• **What you should do**
In the entries below, find the line containing "Kaffe Plus Size". Copy it and all lines after it, exactly, through the end.

• **Information provided**

-- Opening Marker --

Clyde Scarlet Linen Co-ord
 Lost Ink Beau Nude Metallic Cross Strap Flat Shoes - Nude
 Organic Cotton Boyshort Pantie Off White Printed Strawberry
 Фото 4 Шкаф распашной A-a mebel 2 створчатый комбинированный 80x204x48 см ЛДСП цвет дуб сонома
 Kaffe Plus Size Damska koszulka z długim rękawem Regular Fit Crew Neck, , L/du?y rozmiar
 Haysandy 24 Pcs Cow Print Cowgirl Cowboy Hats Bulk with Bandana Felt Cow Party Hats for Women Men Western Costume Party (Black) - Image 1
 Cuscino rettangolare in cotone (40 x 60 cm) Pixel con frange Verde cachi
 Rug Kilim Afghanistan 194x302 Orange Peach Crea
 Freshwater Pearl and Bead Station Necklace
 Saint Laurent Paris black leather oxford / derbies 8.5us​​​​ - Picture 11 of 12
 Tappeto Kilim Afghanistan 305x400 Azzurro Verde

-- Closing Marker --

• **Response box**
 Kaffe Plus Size Damska koszulka z długim rękawem Regular Fit Crew Neck, , L/du?y rozmiar
 Haysandy 24 Pcs Cow Print Cowgirl Cowboy Hats Bulk with Bandana Felt Cow Party Hats for Women Men Western Costume Party (Black) - Image 1
 Cuscino rettangolare in cotone (40 x 60 cm) Pixel con frange Verde cachi
 Rug Kilim Afghanistan 194x302 Orange Peach Crea
 Freshwater Pearl and Bead Station Necklace
 Saint Laurent Paris black leather oxford / derbies 8.5us​​​​ - Picture 11 of 12
 Tappeto Kilim Afghanistan 305x400 Azzurro Verde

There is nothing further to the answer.